* **What needs to be done**:
Nothing but a verbatim copy of the data, minus the images, should be returned.

* **Dataset section**:
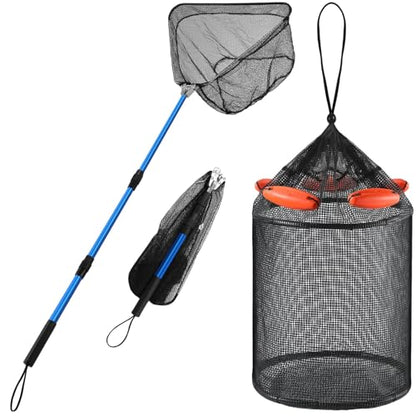 Lasnten 2 Pcs Extra Large Foldable Floating Fish Basket for Live Caught Net Collapsible Floating Fishing Basket with Long Robust Telescopic Handle Rubber Mesh Net Bait for Bait Live Well Storage
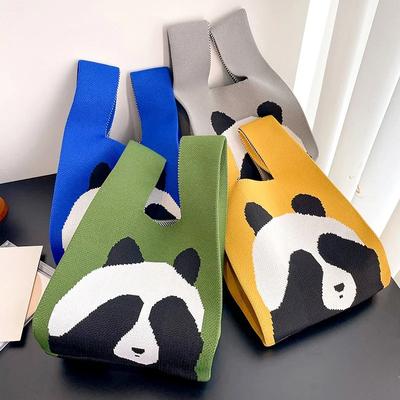 Bolsa de mão panda fofa feminina, bolsa de malha, japonesa e coreana, versátil, portátil, casual, bolsa tote, caixa, saco de arroz, lancheira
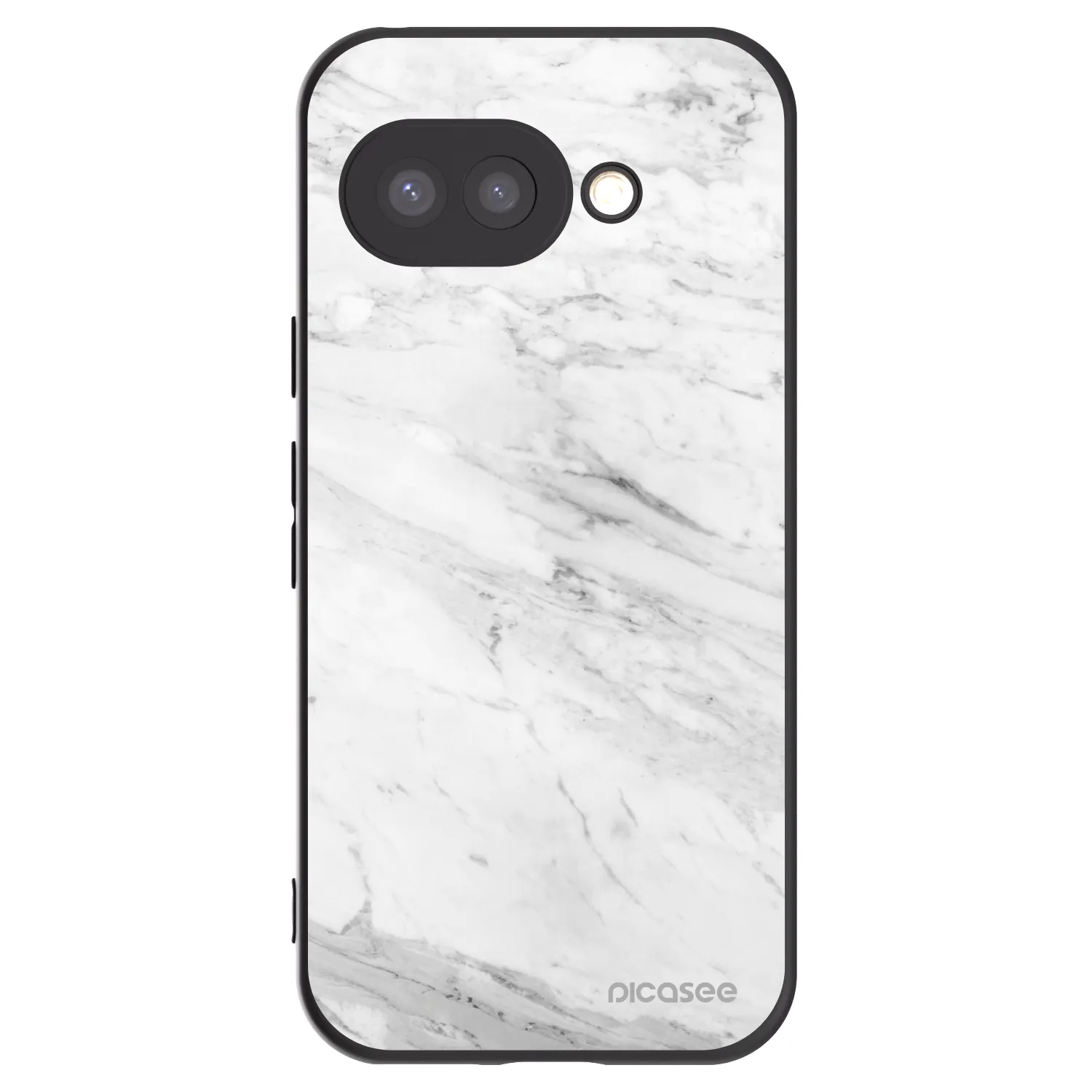 Picasee Google Pixel 9a Hülle - Schwarzes Silikon - White marble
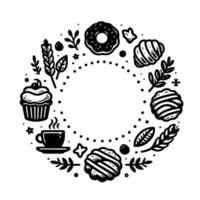A delightful monochrome circular illustration of a cafe scene, featuring pastries, drinks, and decorative elements. vector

* **Written reply**:
 Lasnten 2 Pcs Extra Large Foldable Floating Fish Basket for Live Caught Net Collapsible Floating Fishing Basket with Long Robust Telescopic Handle Rubber Mesh Net Bait for Bait Live Well Storage
 Bolsa de mão panda fofa feminina, bolsa de malha, japonesa e coreana, versátil, portátil, casual, bolsa tote, caixa, saco de arroz, lancheira
 Picasee Google Pixel 9a Hülle - Schwarzes Silikon - White marble
A delightful monochrome circular illustration of a cafe scene, featuring pastries, drinks, and decorative elements. vector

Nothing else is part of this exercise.